Required work: Give the count of lines in the data that include the string "shower", with no added remarks.

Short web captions
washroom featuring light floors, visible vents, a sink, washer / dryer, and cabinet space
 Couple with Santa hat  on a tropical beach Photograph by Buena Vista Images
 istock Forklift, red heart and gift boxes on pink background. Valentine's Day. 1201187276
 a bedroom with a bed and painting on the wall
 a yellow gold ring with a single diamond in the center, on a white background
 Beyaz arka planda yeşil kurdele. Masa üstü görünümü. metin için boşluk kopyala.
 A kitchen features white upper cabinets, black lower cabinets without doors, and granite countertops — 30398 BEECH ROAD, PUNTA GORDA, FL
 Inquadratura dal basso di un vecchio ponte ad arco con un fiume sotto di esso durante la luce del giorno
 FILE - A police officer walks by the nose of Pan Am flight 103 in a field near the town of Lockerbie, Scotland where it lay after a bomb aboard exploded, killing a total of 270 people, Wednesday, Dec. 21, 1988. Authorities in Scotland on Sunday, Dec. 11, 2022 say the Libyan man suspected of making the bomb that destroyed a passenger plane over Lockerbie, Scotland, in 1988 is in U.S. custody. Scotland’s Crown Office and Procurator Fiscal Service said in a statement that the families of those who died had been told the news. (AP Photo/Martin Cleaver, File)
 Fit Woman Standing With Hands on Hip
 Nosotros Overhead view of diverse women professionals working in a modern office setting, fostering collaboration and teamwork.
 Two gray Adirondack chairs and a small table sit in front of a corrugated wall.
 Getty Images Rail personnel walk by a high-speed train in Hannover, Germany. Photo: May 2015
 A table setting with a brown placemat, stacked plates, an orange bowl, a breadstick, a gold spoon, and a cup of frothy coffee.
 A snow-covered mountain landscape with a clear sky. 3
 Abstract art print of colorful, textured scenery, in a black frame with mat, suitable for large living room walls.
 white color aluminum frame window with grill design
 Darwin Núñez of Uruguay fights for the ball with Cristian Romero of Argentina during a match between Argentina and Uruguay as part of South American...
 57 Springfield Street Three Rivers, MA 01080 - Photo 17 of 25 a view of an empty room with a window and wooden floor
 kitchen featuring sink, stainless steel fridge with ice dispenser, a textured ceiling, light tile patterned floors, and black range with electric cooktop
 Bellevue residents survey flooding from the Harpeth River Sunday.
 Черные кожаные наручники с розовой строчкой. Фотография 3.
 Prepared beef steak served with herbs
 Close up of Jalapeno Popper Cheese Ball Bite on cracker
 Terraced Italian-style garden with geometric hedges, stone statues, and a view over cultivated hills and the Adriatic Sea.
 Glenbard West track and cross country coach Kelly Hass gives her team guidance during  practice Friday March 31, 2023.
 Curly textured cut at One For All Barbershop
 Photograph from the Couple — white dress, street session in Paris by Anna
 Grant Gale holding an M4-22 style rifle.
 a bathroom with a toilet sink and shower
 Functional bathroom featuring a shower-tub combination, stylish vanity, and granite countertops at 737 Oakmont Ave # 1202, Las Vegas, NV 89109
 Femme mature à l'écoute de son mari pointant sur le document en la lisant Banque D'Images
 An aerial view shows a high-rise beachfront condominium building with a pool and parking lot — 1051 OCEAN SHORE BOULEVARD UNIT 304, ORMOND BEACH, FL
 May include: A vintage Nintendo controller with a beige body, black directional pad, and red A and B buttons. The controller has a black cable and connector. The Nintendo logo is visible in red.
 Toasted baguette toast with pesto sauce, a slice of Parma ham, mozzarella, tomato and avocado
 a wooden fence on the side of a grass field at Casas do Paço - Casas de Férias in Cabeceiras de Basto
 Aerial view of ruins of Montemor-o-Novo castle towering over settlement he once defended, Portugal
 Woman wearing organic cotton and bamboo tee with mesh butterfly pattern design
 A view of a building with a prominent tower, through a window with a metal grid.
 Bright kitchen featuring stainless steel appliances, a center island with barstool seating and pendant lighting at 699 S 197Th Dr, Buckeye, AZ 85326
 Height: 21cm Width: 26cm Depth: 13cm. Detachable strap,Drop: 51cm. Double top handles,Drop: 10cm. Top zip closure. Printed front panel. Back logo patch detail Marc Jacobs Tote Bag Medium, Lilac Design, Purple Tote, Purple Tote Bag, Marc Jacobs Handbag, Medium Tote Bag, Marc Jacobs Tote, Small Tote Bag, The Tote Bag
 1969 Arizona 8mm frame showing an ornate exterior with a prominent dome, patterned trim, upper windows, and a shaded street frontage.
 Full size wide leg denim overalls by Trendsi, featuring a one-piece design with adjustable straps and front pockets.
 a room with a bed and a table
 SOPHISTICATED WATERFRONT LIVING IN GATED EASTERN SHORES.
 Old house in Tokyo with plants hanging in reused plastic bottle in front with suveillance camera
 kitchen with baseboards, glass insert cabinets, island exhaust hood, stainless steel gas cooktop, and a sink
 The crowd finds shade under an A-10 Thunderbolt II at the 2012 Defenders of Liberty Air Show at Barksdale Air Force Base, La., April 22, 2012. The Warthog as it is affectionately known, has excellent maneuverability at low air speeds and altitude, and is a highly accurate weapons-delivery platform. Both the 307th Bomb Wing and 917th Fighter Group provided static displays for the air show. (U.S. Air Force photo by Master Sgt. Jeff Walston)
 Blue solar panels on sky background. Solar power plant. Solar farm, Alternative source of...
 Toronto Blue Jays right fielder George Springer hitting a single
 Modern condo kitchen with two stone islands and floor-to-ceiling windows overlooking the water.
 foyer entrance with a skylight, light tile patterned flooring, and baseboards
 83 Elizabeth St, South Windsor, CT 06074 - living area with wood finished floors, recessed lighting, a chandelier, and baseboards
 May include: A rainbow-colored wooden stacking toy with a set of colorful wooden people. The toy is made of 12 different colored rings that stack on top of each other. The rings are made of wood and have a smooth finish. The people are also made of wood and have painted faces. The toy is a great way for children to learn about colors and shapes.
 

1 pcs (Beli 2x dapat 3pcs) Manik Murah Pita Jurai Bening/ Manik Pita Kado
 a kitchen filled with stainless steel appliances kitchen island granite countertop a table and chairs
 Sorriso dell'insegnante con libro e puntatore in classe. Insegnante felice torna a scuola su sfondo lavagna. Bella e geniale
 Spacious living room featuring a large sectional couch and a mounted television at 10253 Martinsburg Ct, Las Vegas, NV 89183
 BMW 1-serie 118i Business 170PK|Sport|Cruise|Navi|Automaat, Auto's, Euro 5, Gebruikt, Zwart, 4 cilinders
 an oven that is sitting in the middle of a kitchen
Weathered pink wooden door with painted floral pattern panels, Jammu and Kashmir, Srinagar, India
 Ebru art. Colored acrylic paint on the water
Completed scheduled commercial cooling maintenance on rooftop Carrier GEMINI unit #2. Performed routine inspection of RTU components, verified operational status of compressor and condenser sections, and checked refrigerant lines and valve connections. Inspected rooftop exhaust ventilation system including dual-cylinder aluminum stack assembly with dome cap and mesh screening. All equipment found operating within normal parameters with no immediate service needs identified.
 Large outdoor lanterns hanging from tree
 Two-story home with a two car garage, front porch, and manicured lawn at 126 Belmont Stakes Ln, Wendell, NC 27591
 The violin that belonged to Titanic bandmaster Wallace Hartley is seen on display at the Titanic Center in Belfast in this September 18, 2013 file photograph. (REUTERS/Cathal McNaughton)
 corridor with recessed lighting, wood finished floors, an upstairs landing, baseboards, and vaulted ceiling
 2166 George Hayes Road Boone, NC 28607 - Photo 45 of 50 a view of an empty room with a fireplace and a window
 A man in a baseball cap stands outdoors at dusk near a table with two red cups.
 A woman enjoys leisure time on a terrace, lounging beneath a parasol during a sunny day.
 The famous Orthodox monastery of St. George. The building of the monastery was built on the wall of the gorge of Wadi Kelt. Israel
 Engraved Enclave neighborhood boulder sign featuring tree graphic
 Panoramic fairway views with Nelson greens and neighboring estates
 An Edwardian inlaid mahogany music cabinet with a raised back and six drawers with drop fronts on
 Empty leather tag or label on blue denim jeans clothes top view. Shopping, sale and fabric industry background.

Final answer: 2